## THE DATA

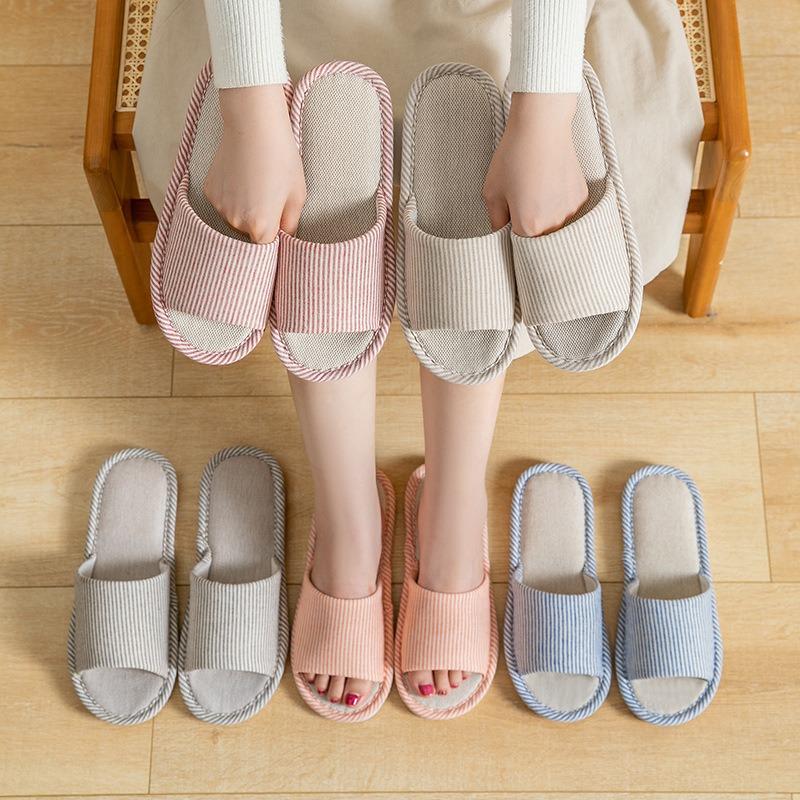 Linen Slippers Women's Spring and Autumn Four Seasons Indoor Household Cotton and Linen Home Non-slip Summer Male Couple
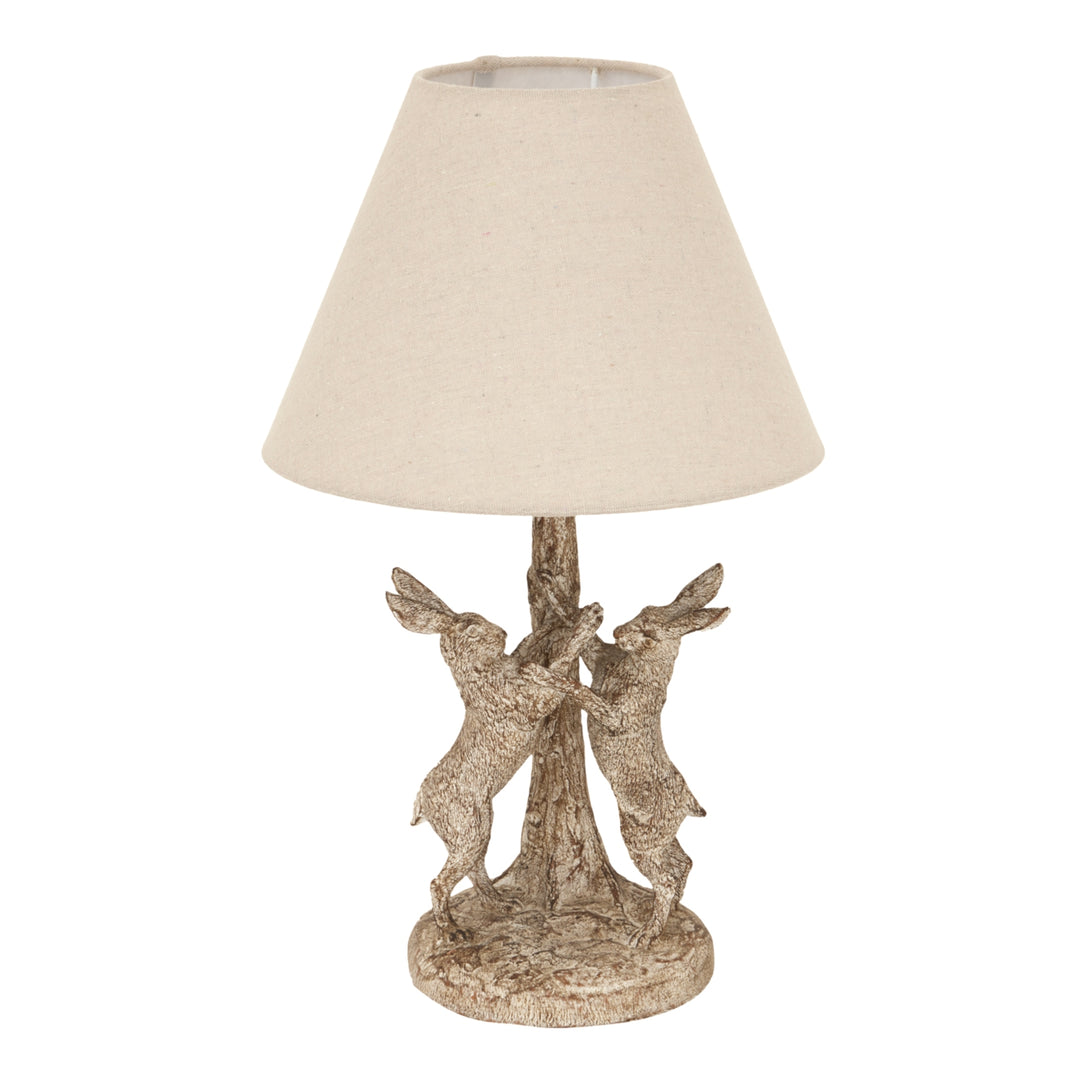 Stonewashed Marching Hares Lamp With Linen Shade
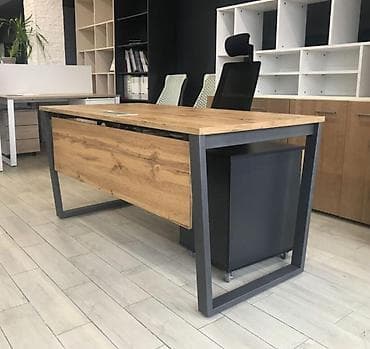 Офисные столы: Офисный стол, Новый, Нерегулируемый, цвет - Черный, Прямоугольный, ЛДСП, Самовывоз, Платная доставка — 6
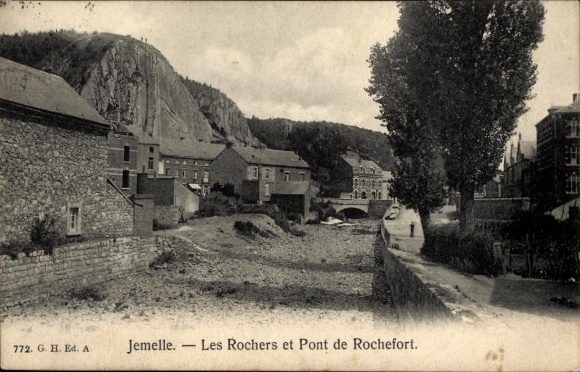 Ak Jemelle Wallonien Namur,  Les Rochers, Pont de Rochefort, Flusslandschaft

## TASK TO COMPLETE
Could the lines from the one with "Stonewashed Marching Hares" through the last line of the material above be written out exactly, both included, with pictures left out?

## RESPONSE TO THIS TASK
 Stonewashed Marching Hares Lamp With Linen Shade
 Офисные столы: Офисный стол, Новый, Нерегулируемый, цвет - Черный, Прямоугольный, ЛДСП, Самовывоз, Платная доставка — 6
 Ak Jemelle Wallonien Namur,  Les Rochers, Pont de Rochefort, Flusslandschaft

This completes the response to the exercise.